A rising tide may float all boats but a rapidly receding one offer its own opportunities too; for institutional investors, it provides the chance to find out which funds really are properly clad in swimming wear.

For active fund managers, it's a moment of truth: can they walk the walk?

For the past nine years US equity markets have been on a generally upward trend, which has allowed even mediocre funds to boast decent levels of return. That all changed on Thursday, February 1, when the S&P 500 began falling. By the close of the market on Monday, February 5, it had dropped by 6.1%.

Asia’s markets experienced similar falls: Hong Kong’s Hang Seng index fell from 32,712.66 on Friday, February 2 to 30,626.41 at the close of Tuesday, February 6.

So far this market correction appears to have been sharp, but limited. It wasn’t entirely unexpected either; US equities had been looking frothy for a while and fears had been building that interest rate hikes might have to increase by more than projected to quell inflation.  

But while this may prove to have been an unpleasant but limited market re-levelling, the sheer size of it should offer some interesting analysis about which active funds managed to outperform a falling market. 

That is becoming an important point for asset owners. Even before this market correction, an analysis of pension fund investments by CEM Benchmarking on behalf of FTfm underscored that institutional investors gain a very small level of additional value on average from many active managers. 

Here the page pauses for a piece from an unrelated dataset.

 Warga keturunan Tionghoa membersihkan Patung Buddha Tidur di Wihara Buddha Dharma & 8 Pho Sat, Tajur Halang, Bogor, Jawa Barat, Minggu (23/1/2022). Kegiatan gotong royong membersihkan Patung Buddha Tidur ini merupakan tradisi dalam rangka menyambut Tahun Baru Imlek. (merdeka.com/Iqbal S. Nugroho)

The study revealed that active managers beat the market (and hence passive rivals) by an average of 60 basis points (bp) for pension scheme clients, but that 44bp of this was consumed in fees. This comes on the heels of another news story that many fund managers, including some passive ones, had hidden levels of fees, causing higher costs to end investors than claimed. 


While pension funds have realised at least some value by selectively choosing active funds, there is evidence that the broader active fund market has often struggled to do better than the market over long time periods (index provider S&P Dow Jones said 99% failed to beat their benchmarks between 2006 to 2016).

The standard defence to this by fund managers is that all funds rise along with the market, but only they can offer better value once it starts to dip or remain range-bound.  

They are about to be judged on the merits of these views. 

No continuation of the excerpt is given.